Retired Professor of Spanish, New York

from HaLapid, Winter 2009

Rodrigo de Cota, was a 15th century poet with a major social identity crisis, one of the desperate conversos , who did not have a comfortable place in this world. So often when we are dealing with authors of this period, we suspect that they may have been conversos , or we perceive a converso influence in their writings and then we have to defend our positions, often against acerbic criticism. In the case of Rodrigo de Cota, however, we have no doubt, neither of his Jewish origin nor of his convert status.
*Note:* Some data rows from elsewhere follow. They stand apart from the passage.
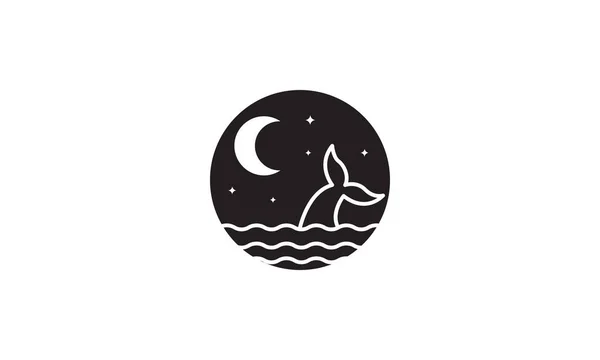 Nuit Mer Avec Baleine Lune Logo Vecteur Symbole Icône Conception — Image vectorielle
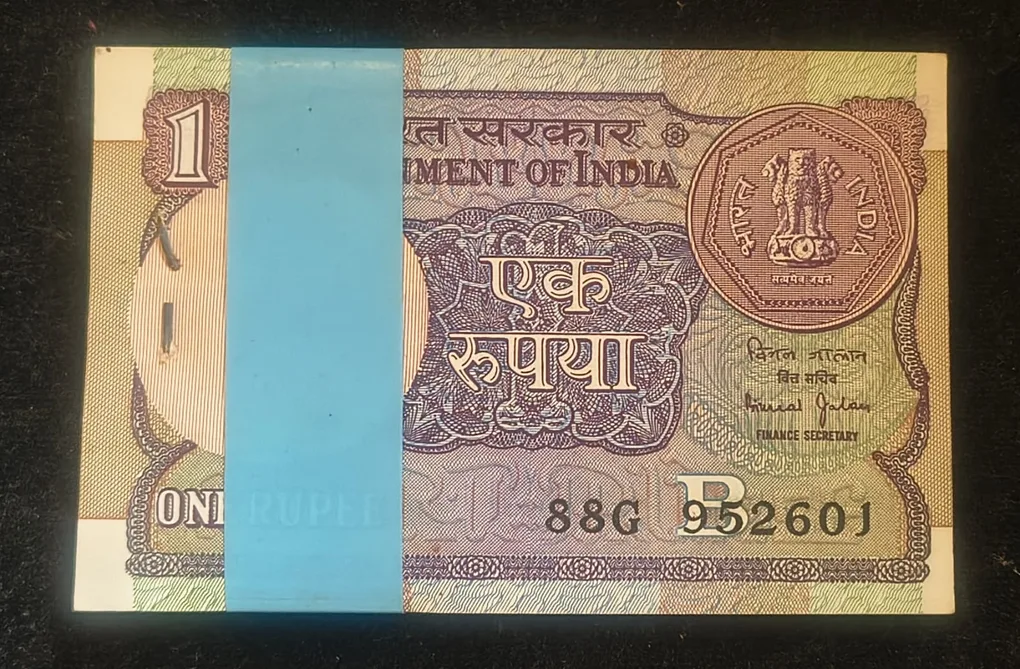 1 Rupees 1990 Governor Bimal Jalan Rare UNC Serial Packet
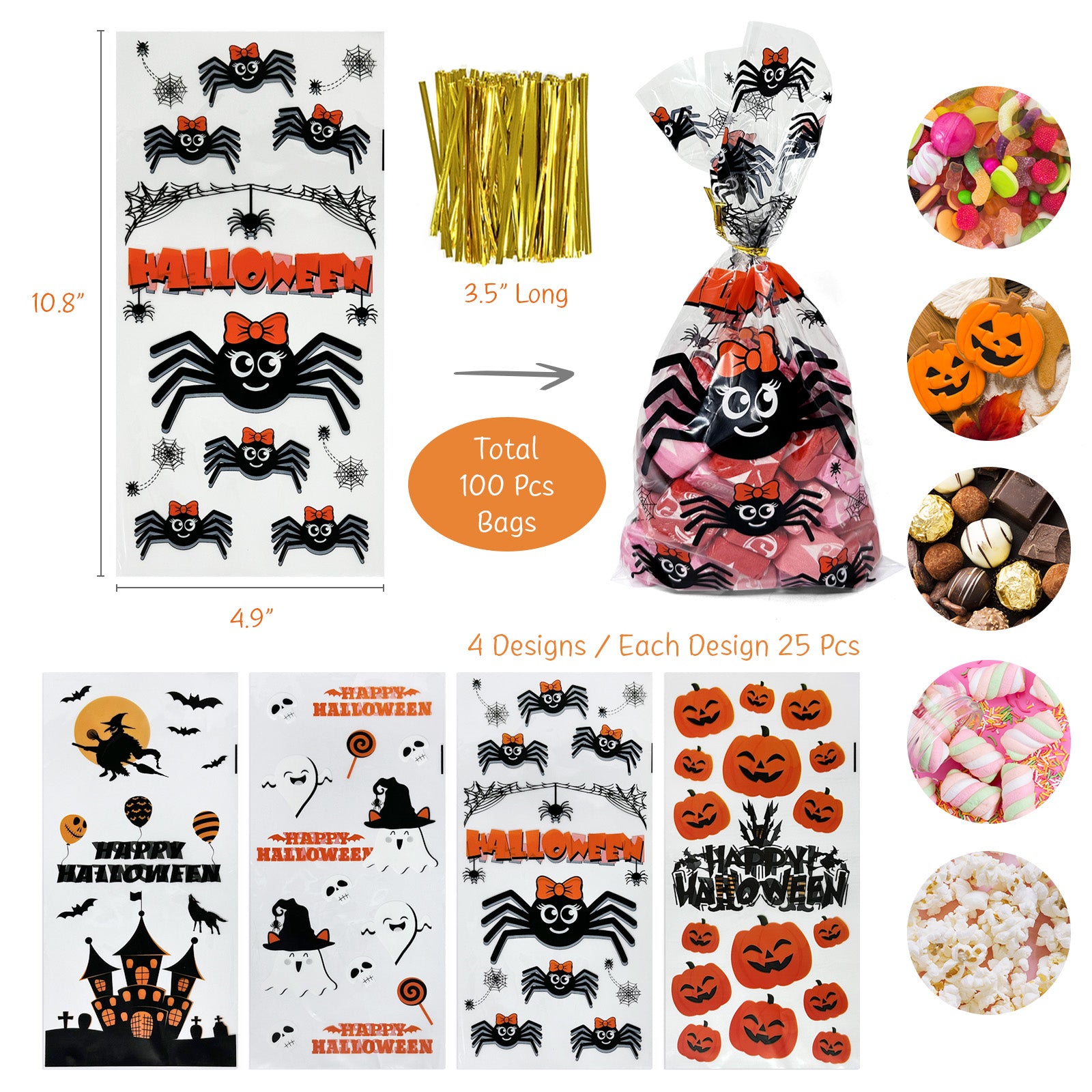 Wrapables 100pcs Halloween Cellophane Treat Bags and Ties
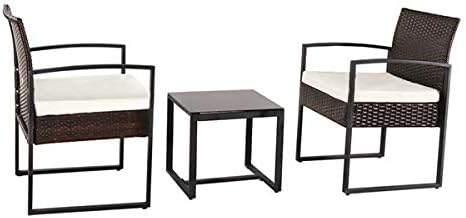 Brown Outdoor Patio Conversation Set Outdoor Wicker Chairs Set of 3, 1 Coffee Table Patio Rattan Dining Chairs Porch Chairs,Outdoor Patio Chairs, Seating for Garden, Backyard, Balcony 62 x 58 x 41cm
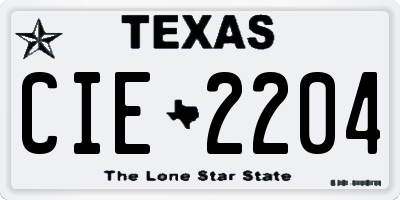 TX license plate CIE2204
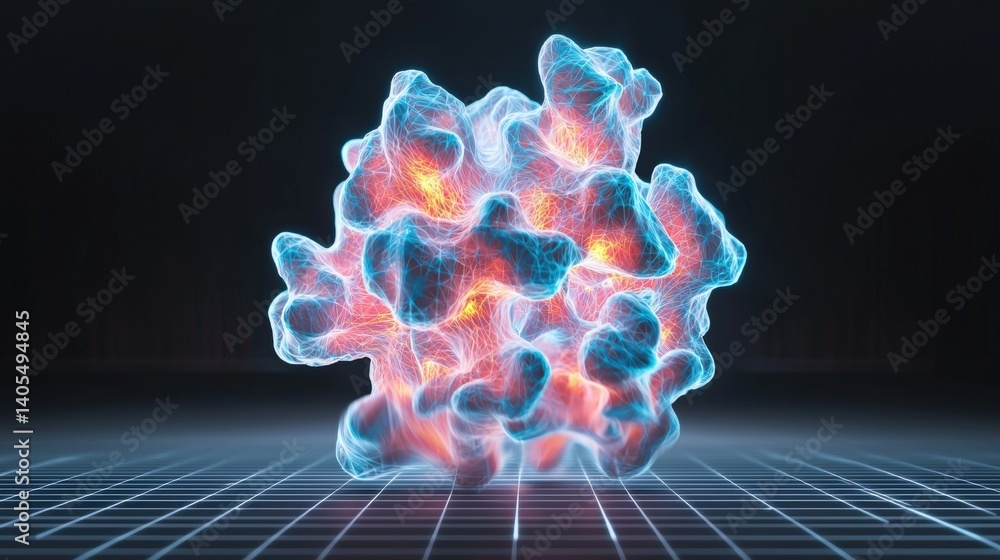 Poster molecular structure visualization laboratory 3d graphics digital environment close-up scientific con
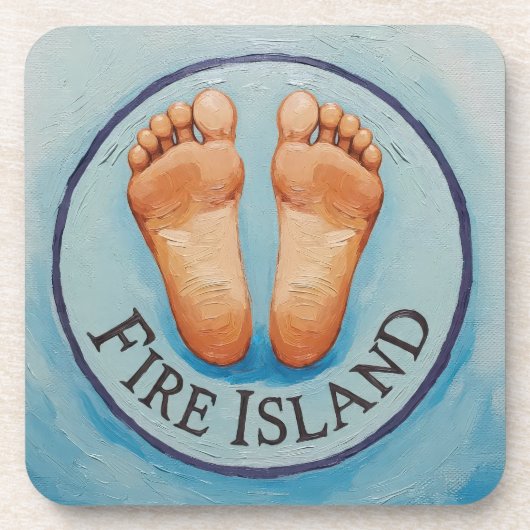 Fire Island barefoot & fancy free! Funny host gift Bier Onderzetter (Voorkant)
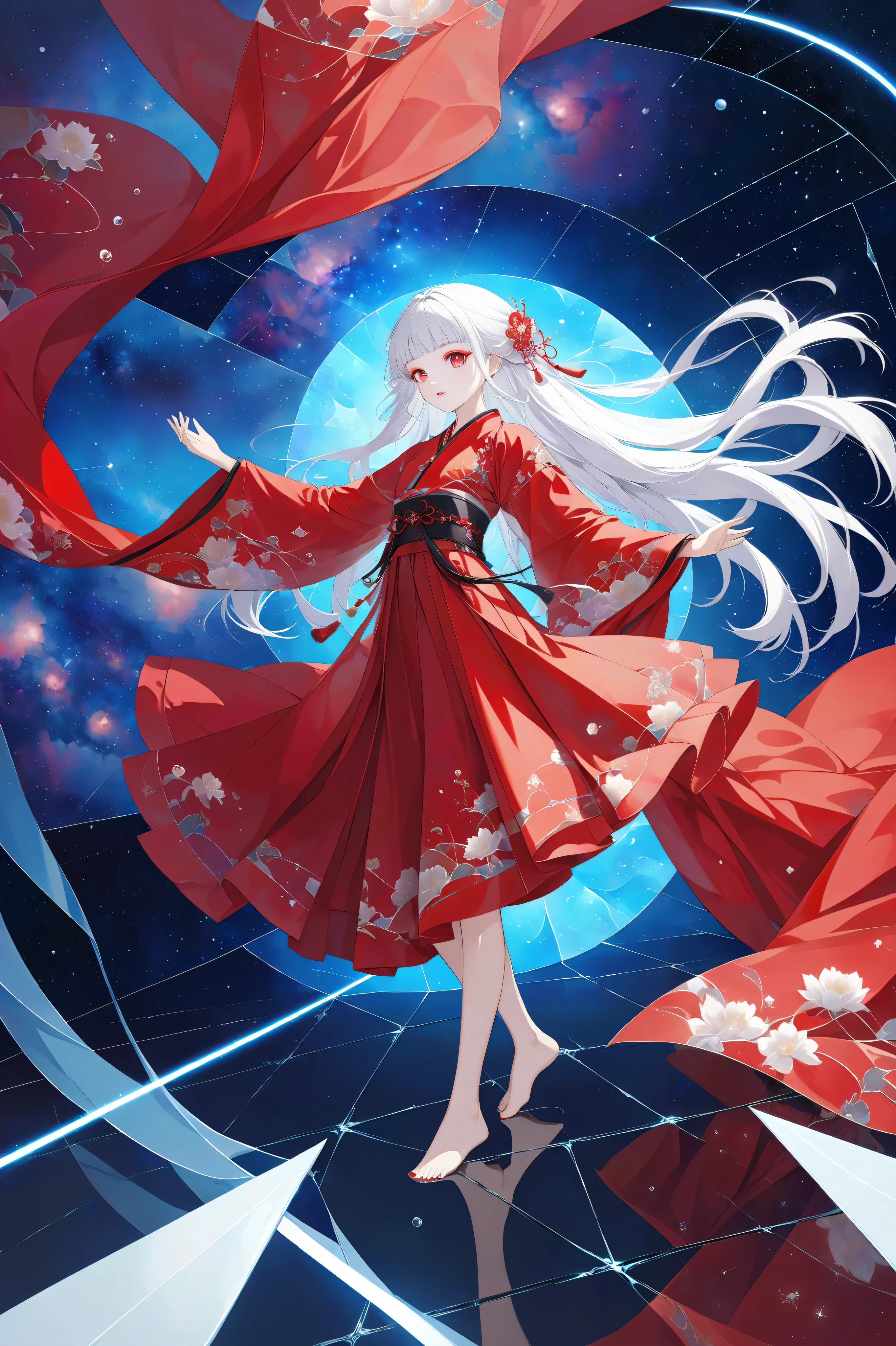 surrealistic illustration , ,Short legs, long silver white hair , Glowing burgundy pupils ( light red eyeshadow ), bright red water lip makeup,Red Hanfu, long cuffs slightly wide embroidered pattern . Large red dress , with an embroidered silk belt around the waist, barefoot,Floating, Nebula texture, Background wallpaper (Fibonacci Sequence), ground galaxy reflection , Multiple biological projection on the bottom left , Klein blue dominant color , laser light effect , Escher-style contradictory perspective , ceramic crack texture , 800% detailed accuracy ,Staring into the camera, stands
In fact, Francisco Cantera Burgos entitled his amply documented book " El poeta Ruy Sanchez Cota (Rodrigo Cota) y su familia de judios conversos ." (The poet ... and his family of Jewish converts.)

Cota was born in Toledo sometime between 1430 and 1440 and died about 1505. The varied fortunes of his family and the persecutions they suffered over the years led to the anguished social identity, which is reflected in his work.

We know from the investigations of Cantera Burgos, and earlier from those of Emilo Cotarelo, that Cota's family was of high social rank. His father, Alonso Cota was a treasurer who founded an entailed estate, inherited by his oldest son Rodrigo. Other family members were legal experts, scribes, members of town councils. The importance of the family is proven by these responsible positions as well as by the interest, which Princess Isabela took in the family affairs. We know that Cota was an escribano (scribe) and tax collector, and that he invested in land, features which he had in common with other conversos wishing to assimilate to their new environment.

However, in spite of the high social position of the family members and the interest of the Princess, the Cota family endured persecution. Cota's father Alonso was a victim of the riot of 1449 when the family home was set on fire. Many years later, several members of the family were accused of Judaizing, with tragic consequences. It is a matter of record that Beatriz Alonso Cota, the author's aunt, was burned at the stake as an heretic in 1495, and that doctor Alonso Cota, legal expert and Rodrigo's brother suffered the same fate in 1496. Other family members who were adjudged "heretics" were reconciled with the Church: Juan Cota in 1486, and Rodrigo Cota el Mozo, the author's nephew in 1496. A list of Judaizers from 1495 and 1497 mentions fourteen Cotas as condenados , habilitados or reconciliados .

In an attempt to disassociate himself from the family, Cota changed his name, using at times the names of Ruy Sánchez Cota and of Ruy Sanchez de Toledo. He married a cristiana vieja (Old Christian) Isabel de Peralta, and gave his descendants the name of Alarcón which they kept until the 17th century.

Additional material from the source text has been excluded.